→ Available data
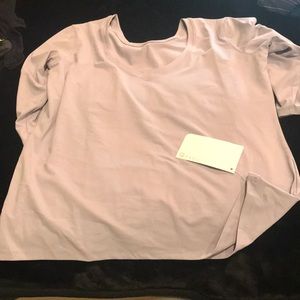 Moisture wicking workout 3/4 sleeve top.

==

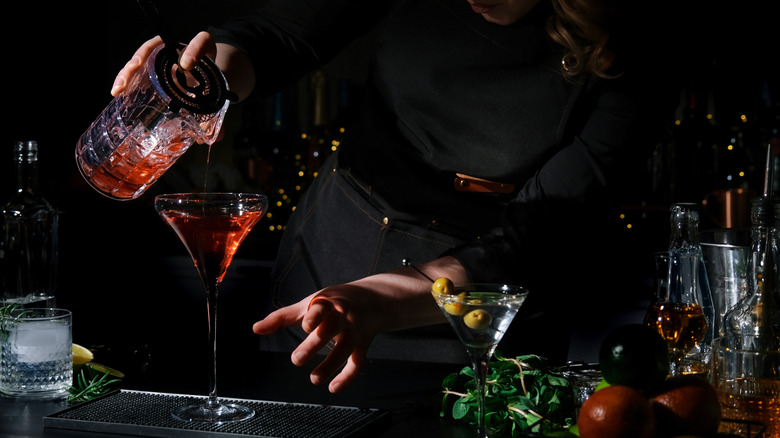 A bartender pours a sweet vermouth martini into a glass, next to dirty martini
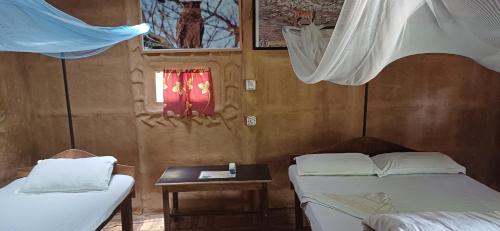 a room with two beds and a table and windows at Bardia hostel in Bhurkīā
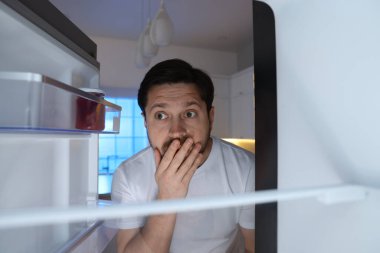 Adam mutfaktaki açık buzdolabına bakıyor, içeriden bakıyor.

* * *

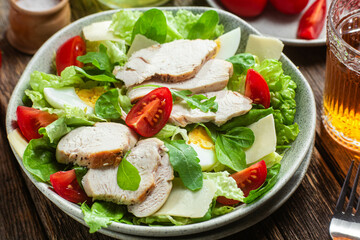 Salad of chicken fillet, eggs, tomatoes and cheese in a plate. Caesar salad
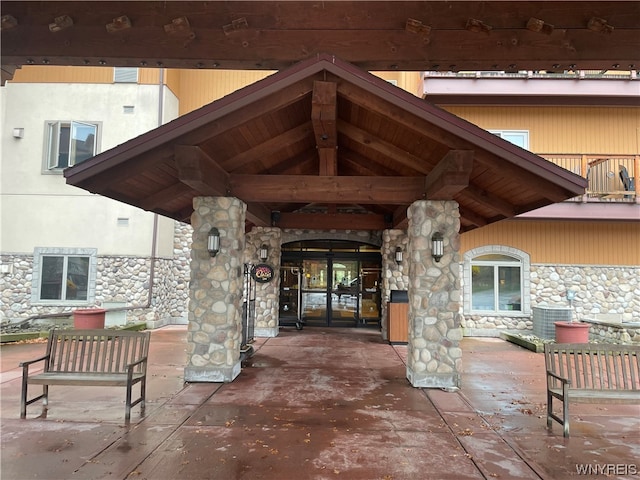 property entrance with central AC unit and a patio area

→ Work to be completed
Keep to the lines above from the line with "A bartender pours" to the line with "Adam mutfaktaki açık", and set down exactly those, inclusive, with nothing else and every picture left out.

→ Expected answer
 A bartender pours a sweet vermouth martini into a glass, next to dirty martini
 a room with two beds and a table and windows at Bardia hostel in Bhurkīā
 Adam mutfaktaki açık buzdolabına bakıyor, içeriden bakıyor.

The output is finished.